防御能力から適応力へ
旧来の優位性の本質が「壁を築き上げる」ことだったとしたら、新たな優位性は「柔軟性を作り上げる」点にある。そのためには、思考様式のシフトが必須になる。トップを走る企業は、変化を「抵抗すべき脅威」と捉えるのではなく、「活用すべき原材料」と捉えている。
コロンビア大学ビジネススクールの教授で経営学者のリタ・マグレイスによれば、現在の競争上の優位性は一時的なものになったという。今の企業は、短期的な優位性を次々と繰り出し、古い優位性が陳腐化する前に置き換えることで成功を収めている。そのためには、適応を繰り返し行えるようなシステムの構築が不可欠だ。
こうしたシステムを構築する方法の一つが、戦略サイクルの短縮だ。5年計画のロードマップに縛られるのではなく、四半期ごとに優先事項を見直す機動的なサイクルで、事業を運営することができるはずだ。これにより戦略は、市場が示すシグナルに対応しやすくなり、もはや時代遅れになった過去の想定にいつまでもこだわる状況を回避できる。
もう一つの方法は、リソースを流動的に動かせる状況を保つことだ。リーダーは、人材や資本を固定化された部門に縛りつけるのではなく、発生したチャンスに対して動的に割り振るようにできる。そうすることで、組織に機動性が生まれる。こうした体制があれば、企業は新たなチャンスを見つけた際、迅速に動くことができる。リソースを解放するために年間予算のサイクルを待つようなことがなくなるわけだ。
厳格な企業文化を緩めることも、適応性を身につける上でのカギとなる。
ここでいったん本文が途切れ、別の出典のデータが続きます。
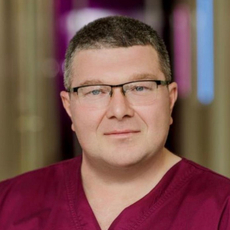 Петухов Александр Юрьевич, массажист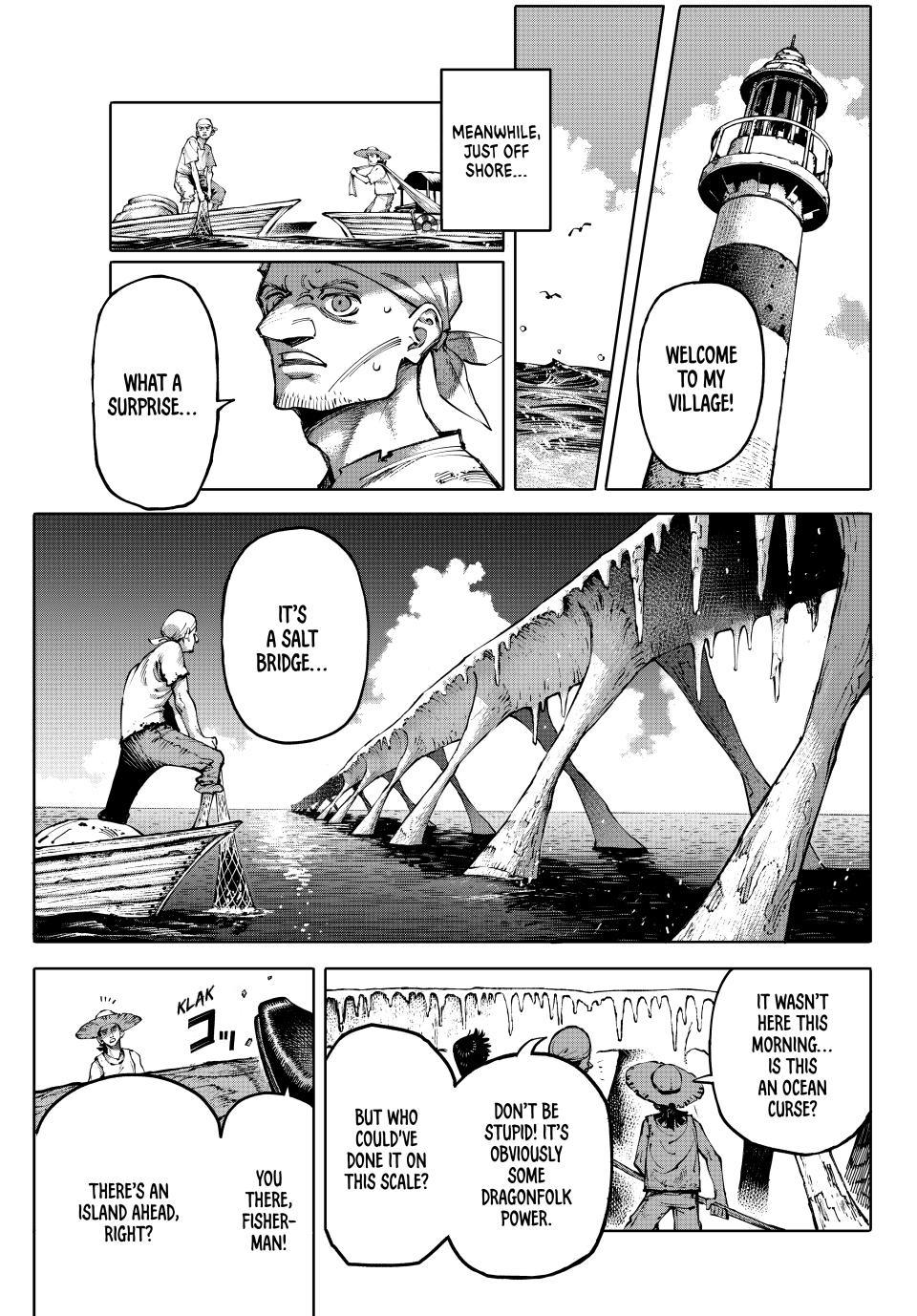 Chapter 1 (Hello World!!) image 19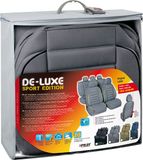Lampa Sport Edition De-Luxe 54802 Autostoelhoezenset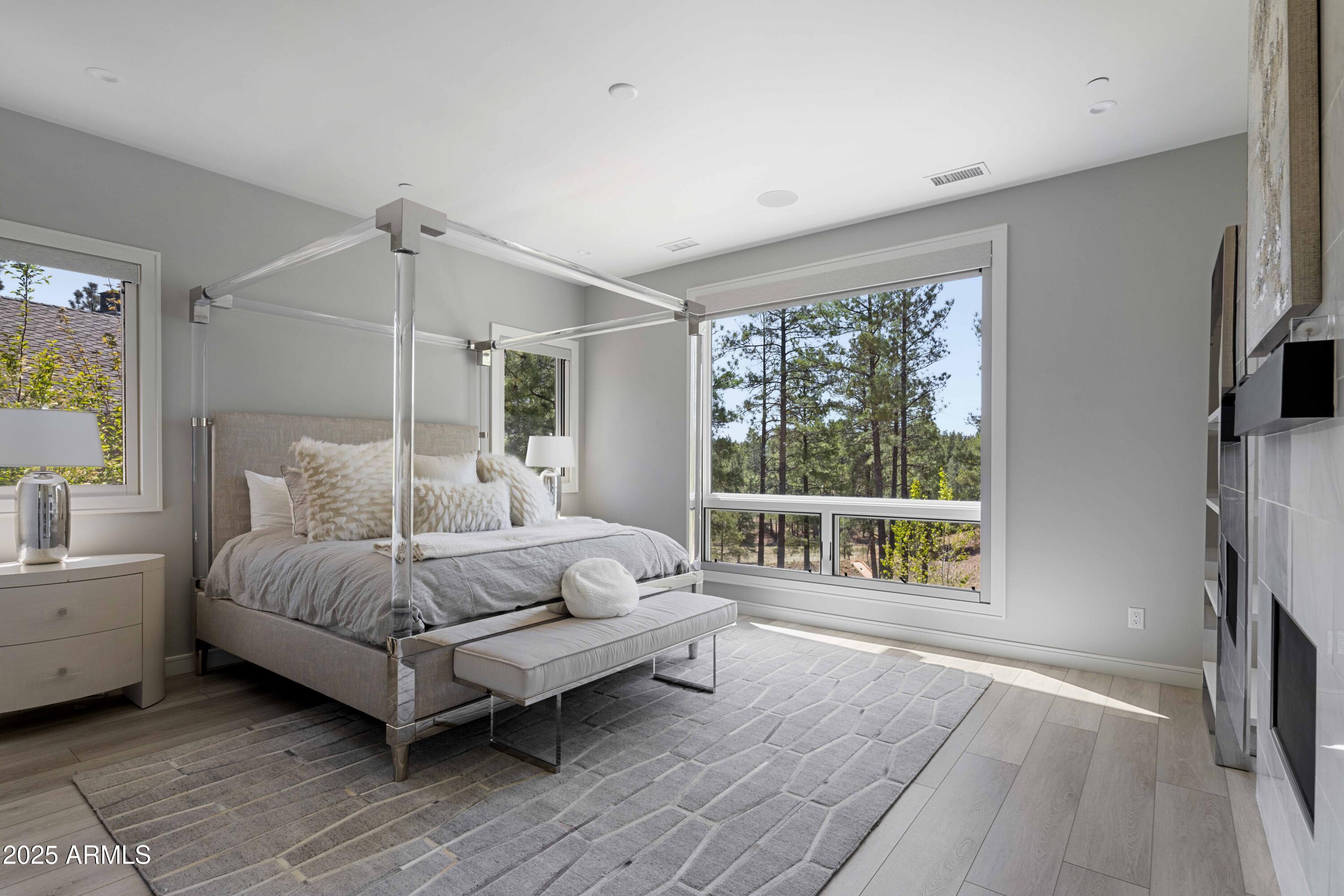 2636 S PINYON JAY Drive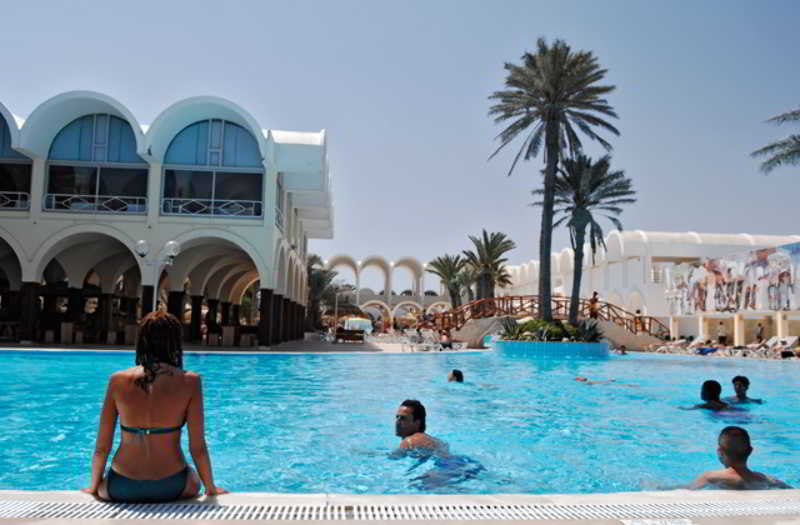 Dar Jerba Club Marmara image 2
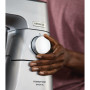 Кухонний комбайн Kenwood KVL 85.124 SI Кухонний комбайн Kenwood KVL 85.124 SI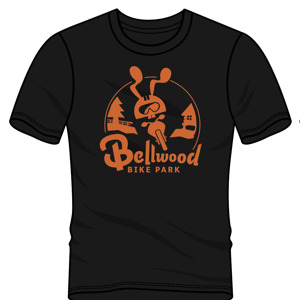 Bellwood T-Shirt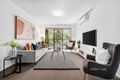 Property photo of 15/2-4 Acacia Court Ringwood VIC 3134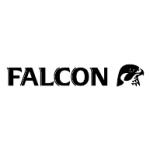 logo Falcon(40)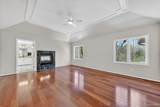 22293 Brockshire Street - Photo 33
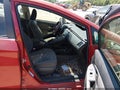 Photo 5 of 16 — 2013 Toyota Prius
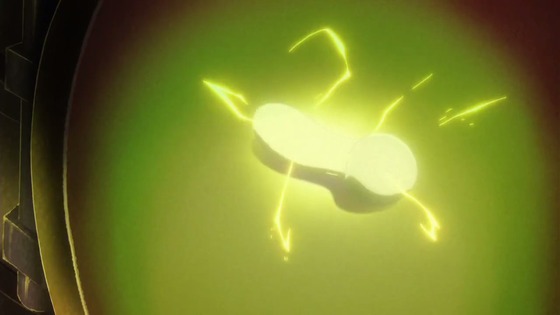 00071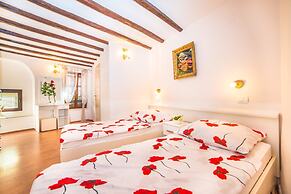 Apartments Dominik Rovinj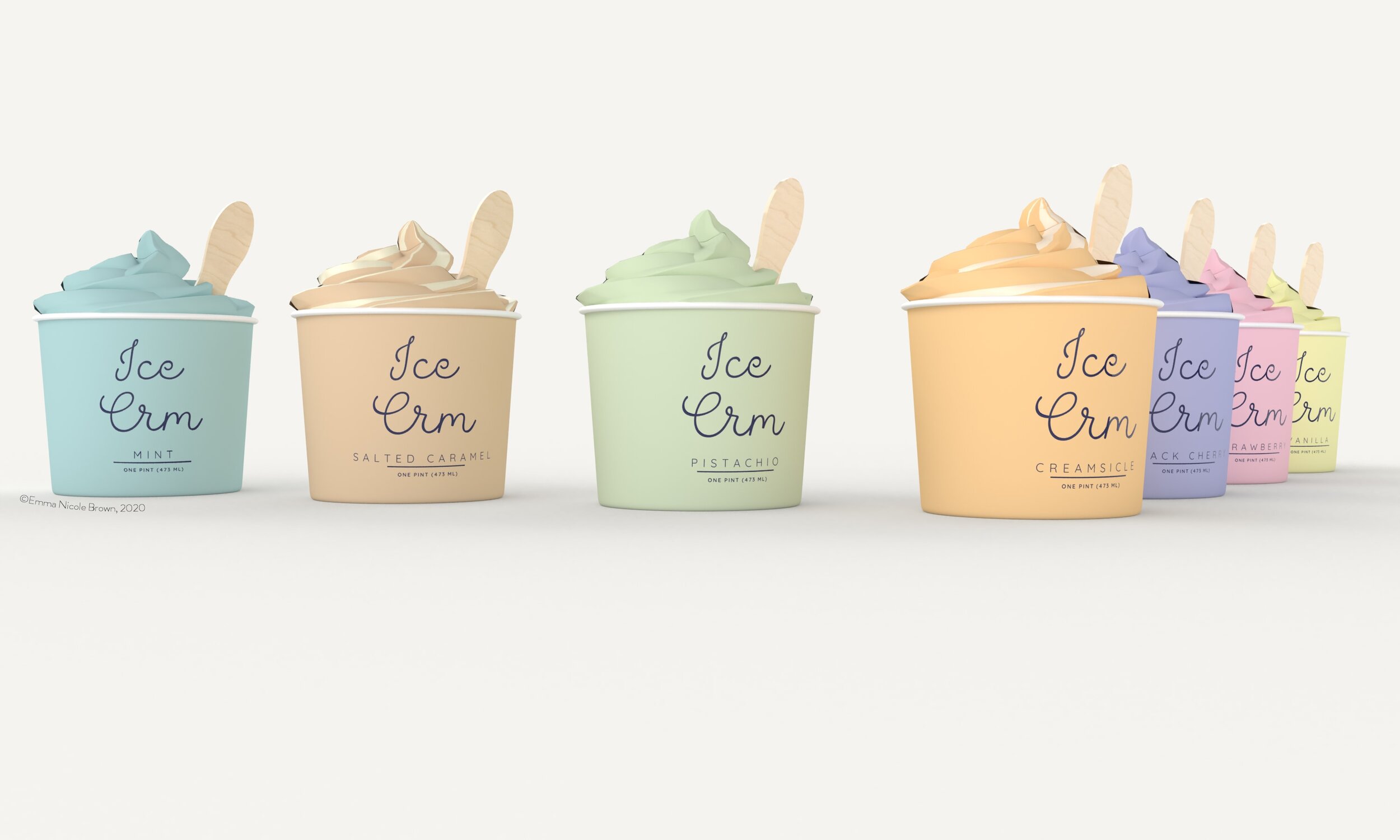 Ice-Cream-View-2.jpg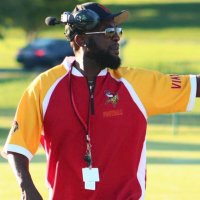 Greg Lenon (@coachgreg74) 's Twitter Profile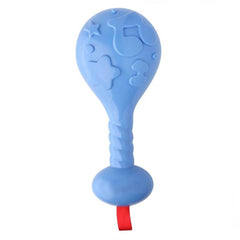 Nessiworld LC Maracas Rattle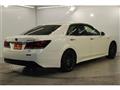 2015 Toyota Crown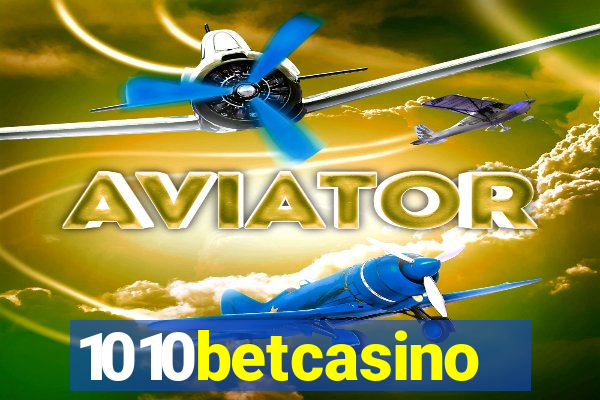 1010betcasino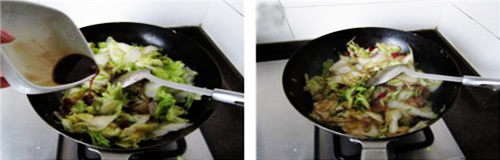 ��6������ײ˵ļҳ�����ͼƬ����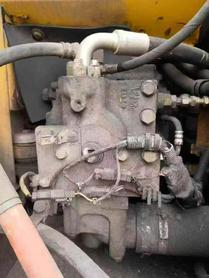 Buy Komatsu PC130-7 Used Excavator / 4 Used Komatsu PC130-7 Excavator 2014 Model / 4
新しいことを試した者に報い、戦略の転換を通例化することで、リーダーはこうした変化を後押しできる。例えば、状況が変わったことを理由に、チームが進めていた計画を中止した場合、この判断をリーダーが称賛すれば、明確なシグナルを送ったことになる。すなわち素早い対応は失敗ではなく、それ自体が戦略だと位置付けるわけだ。
重要になる「一貫したストーリー」
ただし、変化への適応能力だけでは十分ではない。目的意識が共有されないままで闇雲に素早く動いても、混乱が生じかねない。機敏に動く企業に一体感を生み出すのは、固定的な計画ではなく、「一貫したストーリー」だ。すなわち、企業の性格や達成しようとしている目標について、明確で説得力のあるストーリーが必要ということだ。
一貫したストーリーがあれば、優先すべき事柄が変化しても、一定の方向性を維持できる。また、従業員が変化について、矛盾ではなく進化と捉える後押しにもなる。先が見えない状況は、従業員のエンゲージメント低下を招きがちであることを考えると、これは重要なポイントだ。自分の仕事が大きな視点で見た時にどう位置づけられるのかがわからないと、人はやる気を失ってしまうからだ。
リーダーは、戦略を永続的な価値に結びつけることで、一貫したストーリーを構築できる。そうすれば目標が変わっていくなかでも、企業の中核となるアイデンティティは安定した状態が保たれる。そして企業で働く従業員も、戦術の変化に混乱することなく、その意味を理解できるはずだ。
サイモン・シネックが提唱する「WHYから始めよ」という理論は、この原則を凝縮したものだ。リーダーが業務の内容だけでなく、方針転換を行なう理由を折に触れて説明していれば、仕事から意味が失われることを防げる。すると、従業員のあいだに心理的安全性が生まれ、素早く動けるようになる。何のために動くのかということを、本人が理解しているからだ。